No caso, até entendo que, uma vez mais, o julgador brasileiro, com boa
intenção e frustrado, tenta fazer mais do que a lei lhe autoriza. Só que isso
configura ativismo. Para o bem ou para o mal! Muitos concordarão, com base no
caso concreto, que a conduta do julgador é correta, embora não autorizada
legalmente, pois permitiu a punição por uma efetiva e comprovada ofensa. O
problema é que essa liberdade não pode ser casuística, e essa aprovação faz com
que o julgador se senta livre para agir novamente superando o ordenamento
jurídico pelos mais variados motivos, passando a agir como legislador, com as
mais variadas consequências. Veja-se que o entendimento apresentado — e
que serviu de forma utilitária para salvar o processo e aplicar a pena —
conduzirá que se considere a “injúria qualificada” também como inafiançável,
tratamento conferido pela Constituição aos delitos de racismo! E não esqueçamos
que o STJ é o guardião da cidadania. Ele deve ser o farol da boa aplicação da
lei ordinária. E que outros tribunais e juízes o seguem. E o seguirão.
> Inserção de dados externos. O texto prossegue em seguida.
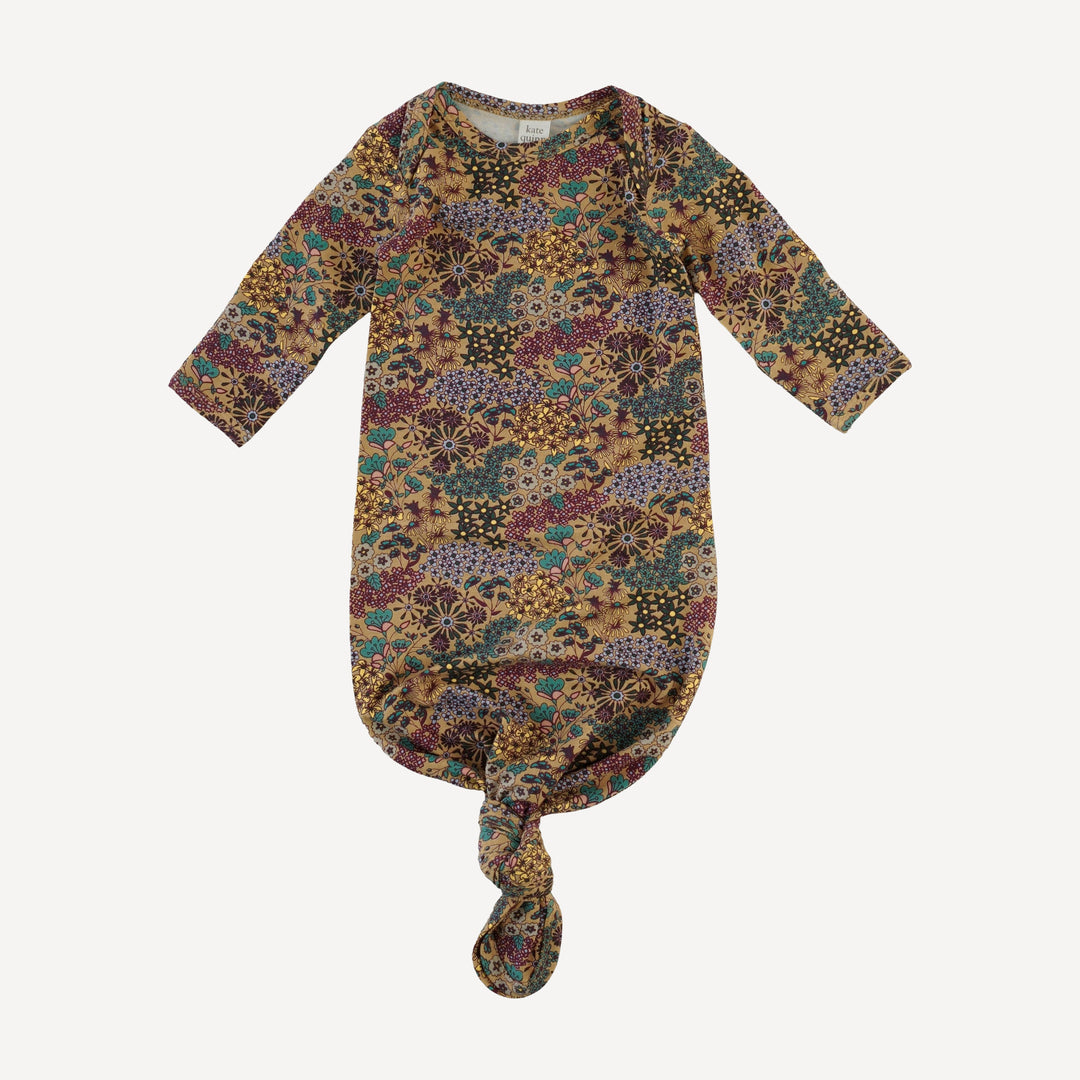 long sleeve lap neck knotted gown | taffy ditsy | bamboo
Decidir os casos que envolvem os bens
jurídicos penalmente tutelados é um complexo empreendimento interpretativo
caracterizado pela ideia de responsabilidade do juiz, ou seja, por decisões
pautadas em uma coerência de princípios. O reconhecimento da tese
da imprescritibilidade do crime de injúria racional não se coaduna com o
“romance em cadeia” (Dworkin) dos precedentes judiciais oriundos do Superior
Tribunal de Justiça, em prejuízo à estabilização da jurisprudência — aliás,
conforme previsto no novo CPC, aplicável subsidiariamente ao processo penal.
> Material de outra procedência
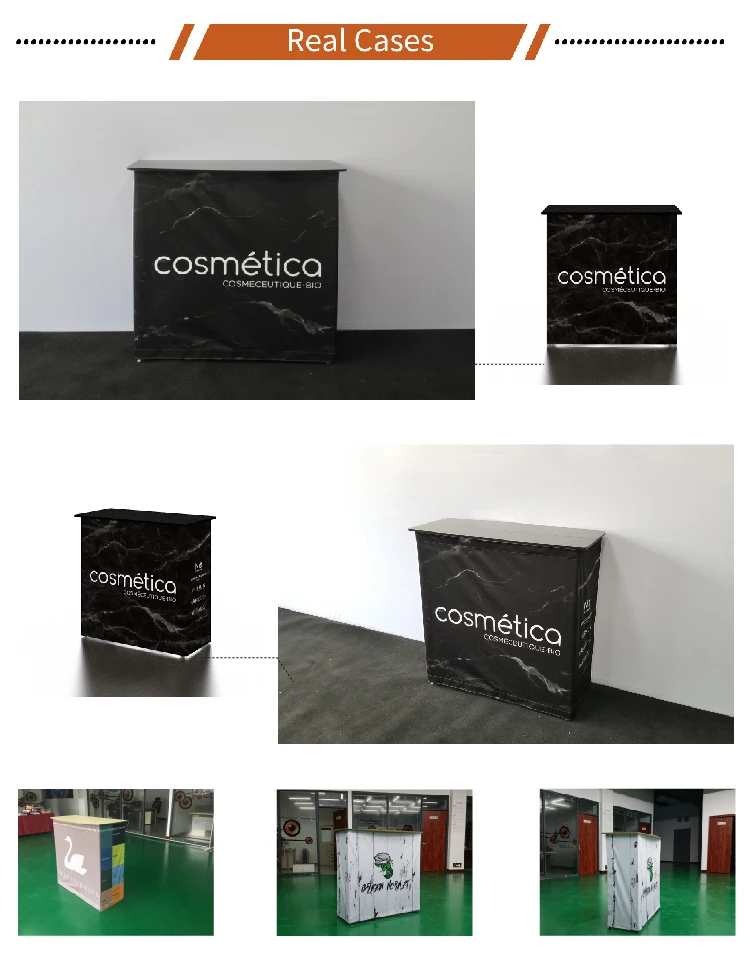 Aluminum promotion portable trade show light weight quick assemble tension fabric pop up display counters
A esse respeito, no RESP 911.183, de relatoria do ministro Felix
Fischer, envolvendo um caso de maior gravidade, no qual o acusado foi
denunciado pelo crime de preconceito racial e de etnia (artigo 20,
parágrafo 2º, da Lei 7.716/89), incitando a discriminação e o preconceito
de raça e de etnia, através de meio de comunicação social (ao vivo em programa
televisivo do qual era apresentador), em face dos índios e das comunidades
indígenas da região Sul do país (Seara, Nonoai e Iraí, no Estado do Rio Grande
do Sul), assim decidiu a Corte:
“(...) Para que o
Direito Penal atue eficazmente na coibição às mais diversas formas de
discriminação e preconceito, importante que os operadores do Direito não se
deixem influenciar apenas pelo discurso politicamente correto que a questão da
discriminação racial hoje envolve, tampouco pelo nem sempre legítimo clamor
social por igualdade.
Mostra-se de suma
importância que, na busca da efetividade do direito legalmente protegido, o
julgador trate do tema do preconceito racial despido de qualquer pré-concepção
ou de estigmas há muito arraigados em nossa sociedade, marcada por sua
diversidade étnica e pluralidade social, de forma a não balizar a violação do
fundamento tão caro à humanidade e elencado por nossos constituintes como um
dos pilares da República Federativa do Brasil: o da dignidade da pessoa humana
(art. 1º, III, da CF/88).
Para a aplicação
justa e equânime do tipo penal previsto no art. 20 da Lei n. 7.716/89, tem-se
como imprescindível a presença do dolo específico na conduta do agente, que
consiste na vontade livre e consciente de praticar, induzir ou incitar o
preconceito ou discriminação racial (...)” (RESP 911.183, Rel. Min. Felix
Fischer, Rel. p/ acórdão Min. Jorge Mussi, 5ª Turma do STJ, j. 4-12-2008).
Enfim, o controle penal das condutas
discriminatórias é de fundamental importância para a consolidação de uma
democracia inclusiva e do respeito aos direitos humanos, independentemente de
critérios envolvendo a raça ou a etnia. Por outro lado, não se pode claudicar,
relativizando garantias penais estruturantes do Estado Democrático de Direito,
a exemplo do princípio da legalidade penal estrita, sob pena de um retrocesso
histórico ao Ancién Régime. E isso é uma questão de princípio!